Using normal coordinates at $x_0$, we should have that

\begin{eqnarray*} I & =& \int_{(exp_{x_0}(B_{0}(R))} \rho(x_0,x)^{2-n} dV_g. \\ & \leq & C_g \int_0^{R} \rho^{2-n} \rho^{n-1} (1 + O(\rho^2)) d\rho \\ \end{eqnarray*}

I really need to get that last inequality but I am very unsure about it. I think it should be true, at least for small enough $R$ (hopefully for $R$ smaller than the $\epsilon$ defined in question 1.

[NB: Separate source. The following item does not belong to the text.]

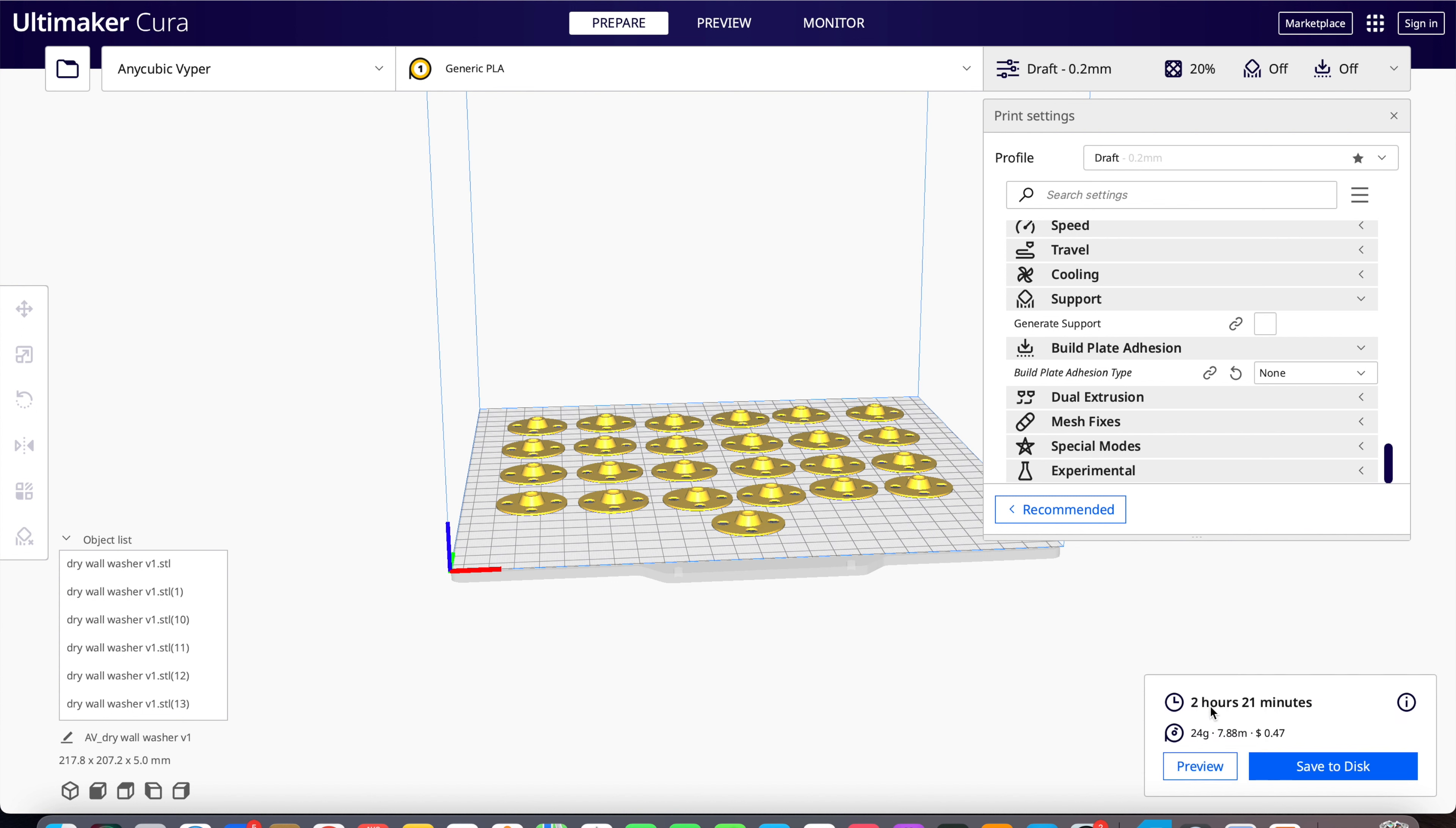So it'll take 2 hours and 21 minutes, 21 grams of material, 7.88 meters long, and it would be 47 cents. Looks good, off to the printer.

Is that possible? Any feedback would be appreciated.

Answer 1

The answer to both questions is 'yes'.

To see this, just consider the exponential map $\exp:TM\to M$ and look at the pullback of the Riemannian volume form $dV$, say $\Omega = \exp^*(dV)$ on $TM$. By the usual expansion in normal coordinates, there will be a smooth function $\phi$ on $TM$ that vanishes to order $2$ along the zero section such that, for each $x\in M$, the pullback of $\Omega$ to $T_xM$, say $\iota_x^*\Omega$ satisfies $\iota_x^*\Omega = (1+\iota_x^*\phi) dV_x$ where $dV_x$ is the ordinary Euclidean volume form on $T_xM$ (considered as a Euclidean vector space). This immediately proves what you want, since you can now use compactness to show that, when $\epsilon$ is sufficiently small, one has $|\phi(v)|\le C|v|^2$ for some constant $C>0$ and all $v\in TM$ with $|v|\le \epsilon$.